To borrow a phrase from TV weatherman Lloyd Lindsay Young, well H-e-l-l-o Congressman Hoekstra, members of the Senate, and the rest of the pundit crowd. Here's a little news flash you apparently missed: the Defense Department already provides much of the nation's intelligence capabilities, and has long controlled the lion's share of the of the intel budget. Need a U-2, RC-135, or Global Hawk mission to keep tabs on Iraq? Call the Air Force. Need a sub to insert an agent team or do some covert collection work along a hostile shore? Call the Navy. Need a SOF team to gather information along the Pakistan border? Better let the Army know.
And we haven't even scratched the surface, in terms of who exploits the data collected by those (and other) DOD assets, and converts that information into finished intelligence. This might surprise Senator Feinstein, but each of the military services have extensive intel production, exploitation and dissemination (PED) operations, which make major contributions to the national intelligence effort. For example, many of the nation's linguists are military personnel, serving in one of the service cryptologic elements. In fact, the service SIGINT elements and NSA are so seamlessly integrated, it's often difficult to tell where the "civilian" agency stops, and the military element begins.
Remember those comments about the military running the three major spy agencies? Here's a salient fact you won't find in the AP report, or in a sound bite from those "concerned" Senators and Representatives. Two of the agencies cited by the AP (NSA and the Defense Intelligence Agency) have always been run by the military. Both the NSA and DIA director's positions are three-star military billets, rotated among the services. When General Hayden left NSA, he was replaced by Army Lieutenant General Keith Alexander. Another Army officer, Lieutenant General Jack Maple, is the current DIA Director, and a three-star general or admiral is expected to be the next director of the National Geospatial Intelligence Agency (NGA). Nothing unusual about that.
In fact, these fears about eroding "civilian control" over intelligence are something of a red herring. Apparently, Chairman Hoekstra has forgotten that General Hayden has a civilian boss (John Negroponte) who sits atop the nation's intelligence community. Beyond that, the DNI and the agency chiefs work for another civilian, the Commander-in-Chief.
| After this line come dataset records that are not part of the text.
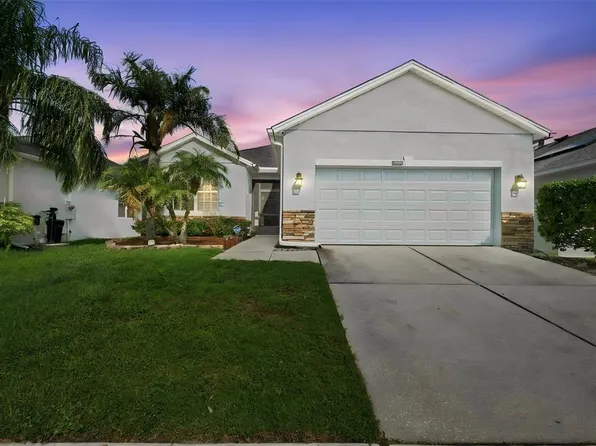 14310 QUEENSIDE STREET, ORLANDO, FL 32824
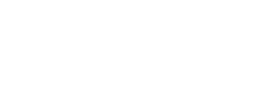 (c) Novahomes.co.uk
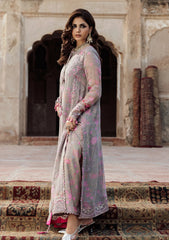 Formals - Charizma - Vasal - Vol 5 - Chiffon 25 - VSL5#34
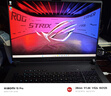 ROG【官翻99新】槍神9 Plus超競版槍神8plus超競7二手筆記本電腦官翻機游戲本華碩敗家之眼 槍神9P/U9/16G/1T/5070Ti-3年 曬單實(shí)拍圖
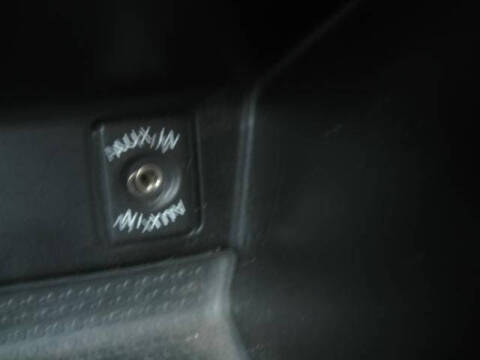 2013 Volkswagen Beetle 2.5L PZEV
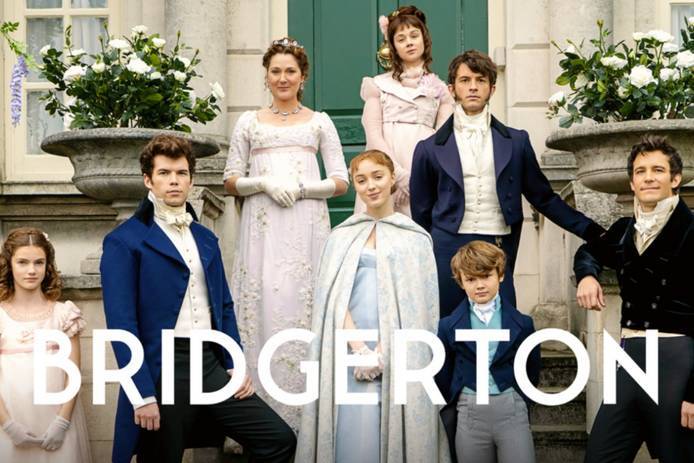 Image: Netflix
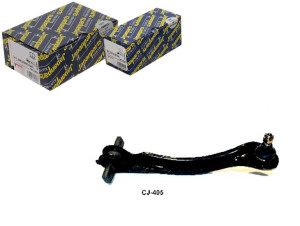 Wahacz Honda Tył Accord 90-96 Pr Górny Japanparts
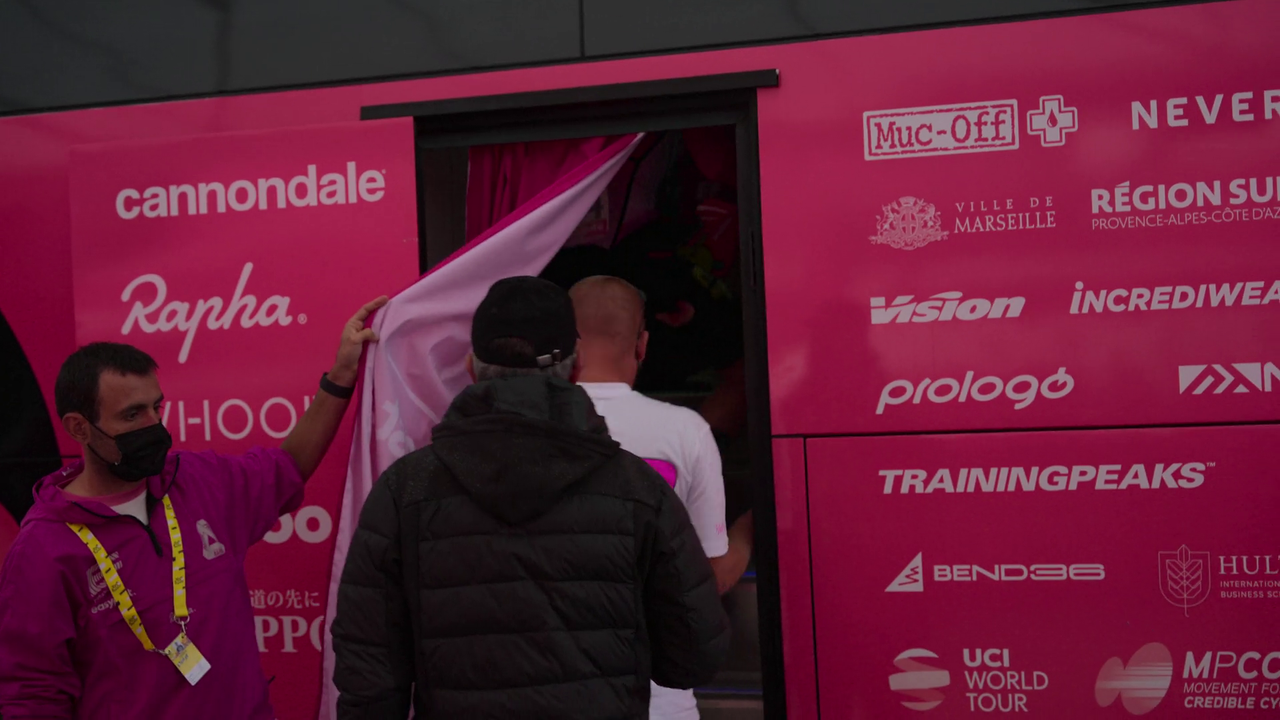 vlcsnap-2023-06-08-10h47m34s934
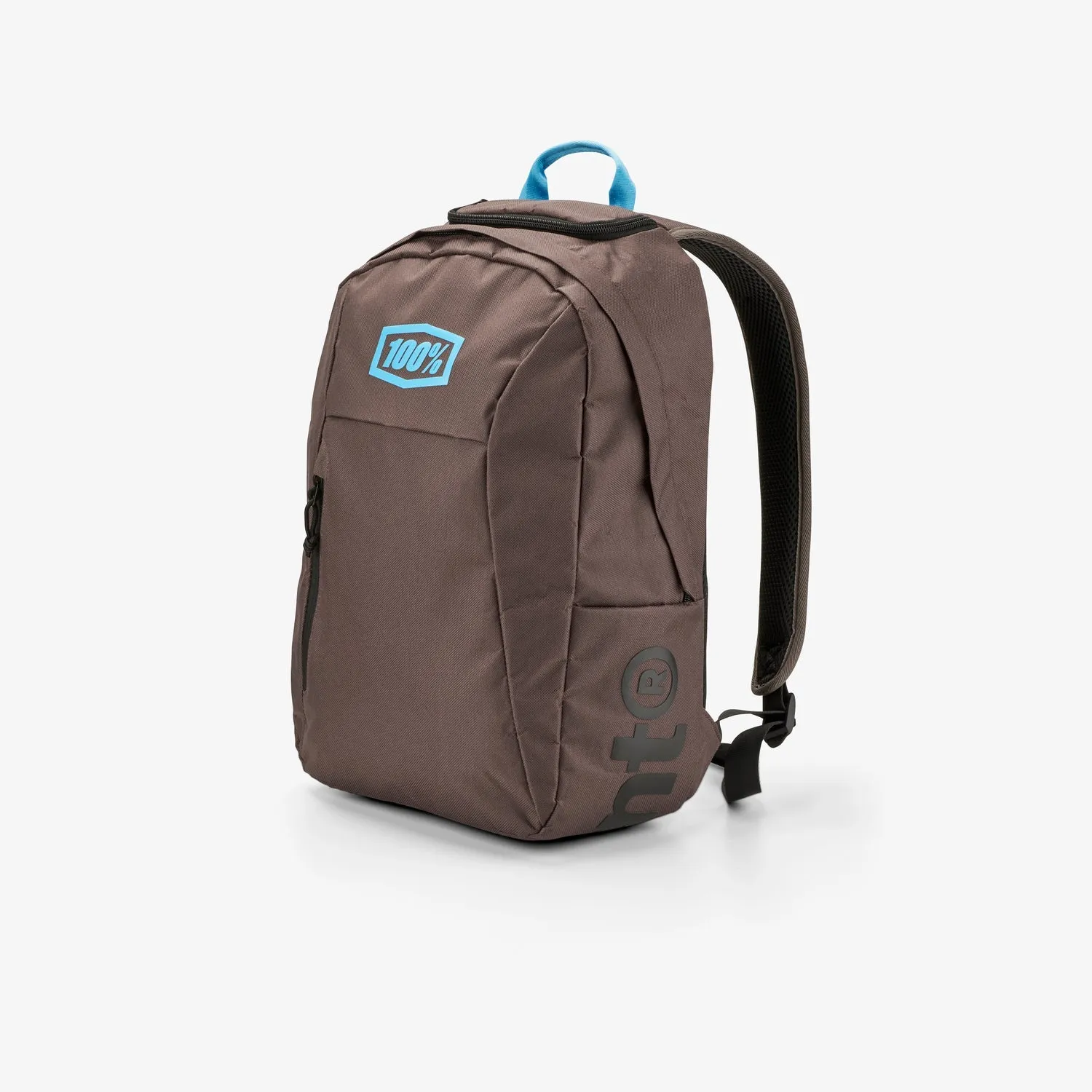 100% - Skycap Backpack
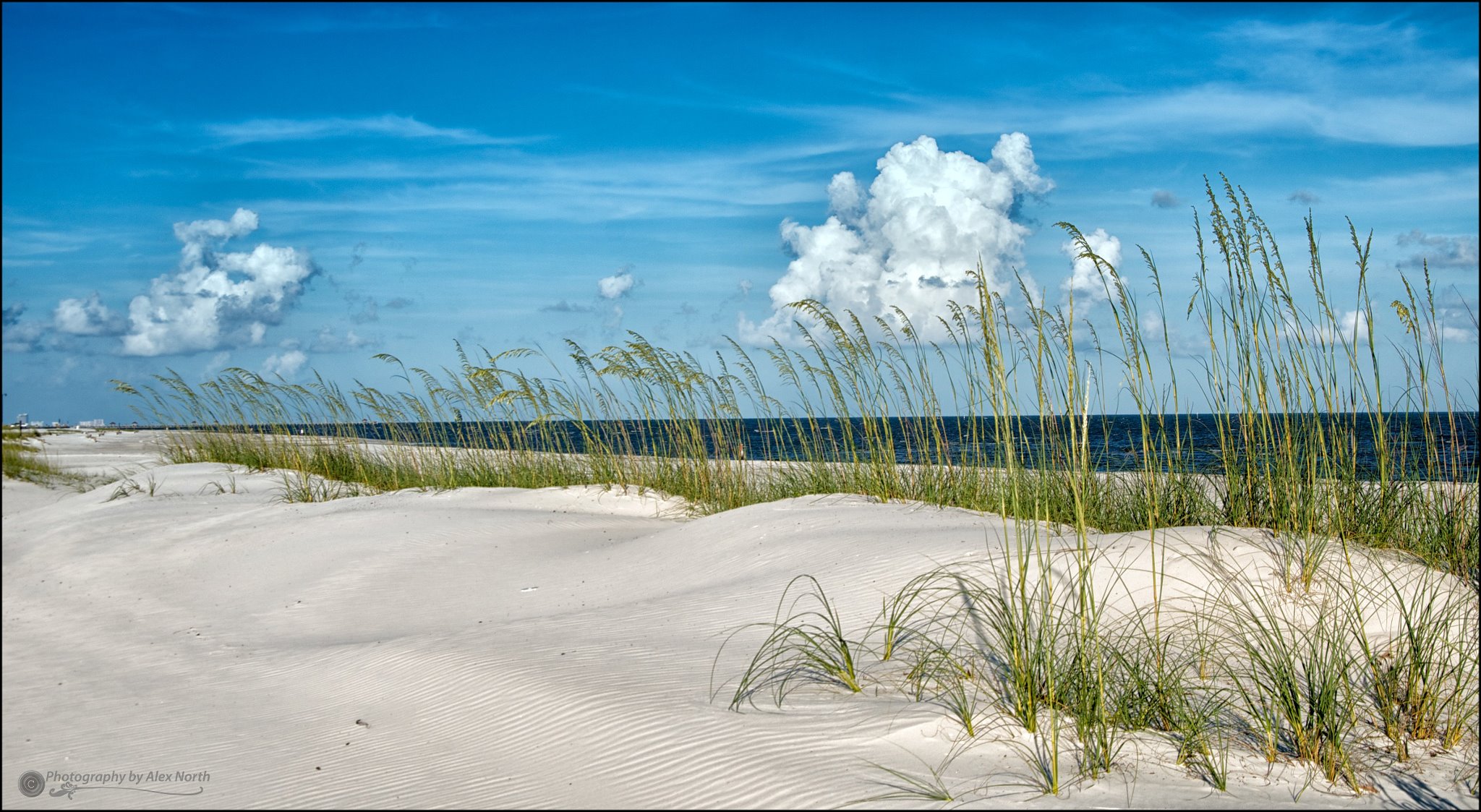 Backpage Ocean Springs Mississippi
The DNI, like the DCI before him, will always be a civilian--as it should be. Likewise, the military will always have a major say in running our intelligence efforts because the DOD provides a significant portion of our collection, analytical and production capabilities. That shouldn't change, either.
With the CIA at a critical crossroads in its history, it's disappointing--but entirely predictable--that Congress is suddenly worried about General Hayden's military status. If that is a genuine issue, then it can easily be fixed; we can simply hold his retirement ceremony the day before he takes charge of the CIA. The real issue should be--must be--the continued reform of a spy agency that has become bloated, less effective, and highly partisan. Sadly, that over-arching concern appears lost on the talking head set, who are more concerned about advancing personal agendas (I'm sure Hoekstra has his own choice to run the CIA) and scoring cheap political points.